- _Source material_

========================

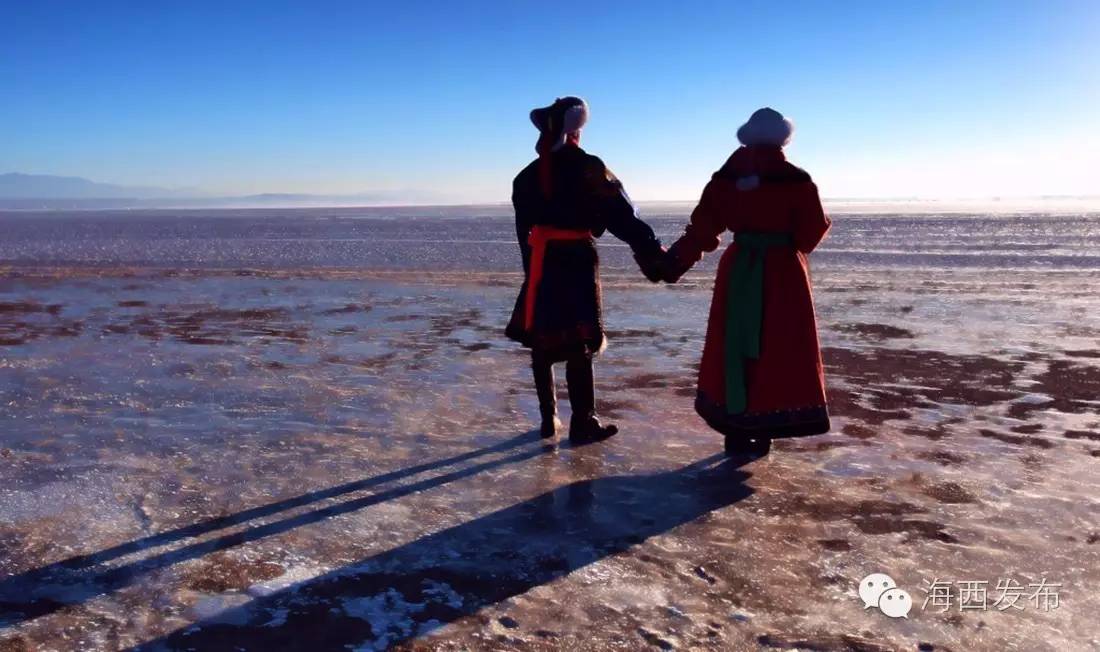 不羡鸳鸯不羡仙是哪首歌曲里的,青山绿水彩云间不羡鸳鸯不羡仙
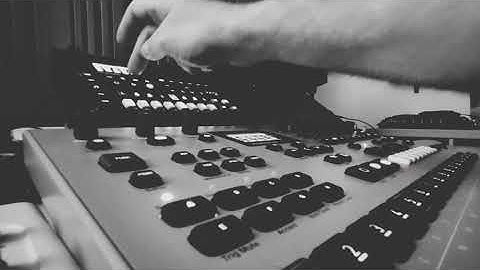 Short Qebo test // Elektron Digitone & Analog Four MKII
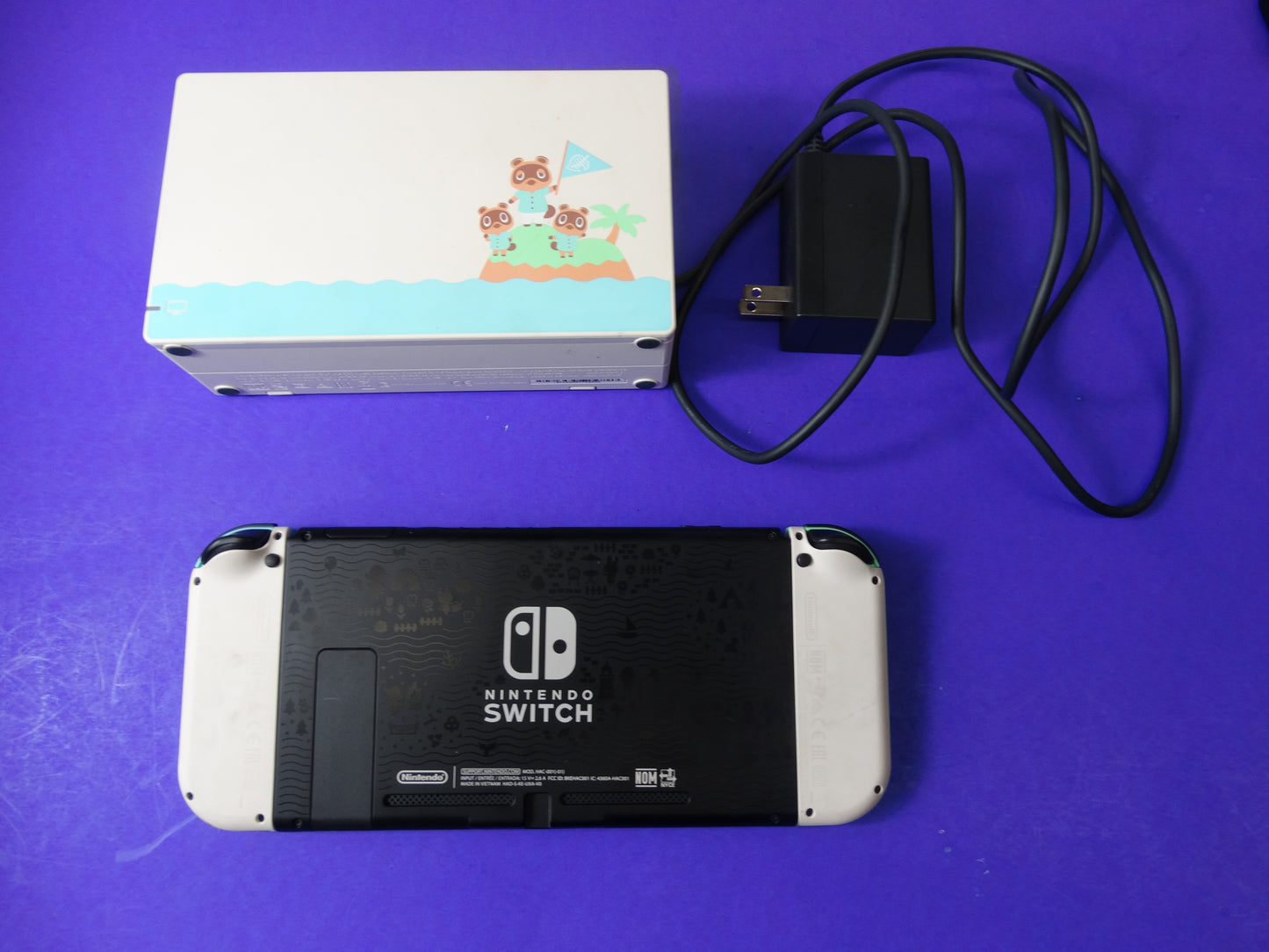 Nintendo Switch Animal Crossing Edition – Special Design Console with Dock & Joy-Cons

========================

- _Directions for this task_
Verbatim output, no pictures: the line holding "Short Qebo test" and all lines after it through the last line of the material, with nothing else.

- _Written solution_
 Short Qebo test // Elektron Digitone & Analog Four MKII
 Nintendo Switch Animal Crossing Edition – Special Design Console with Dock & Joy-Cons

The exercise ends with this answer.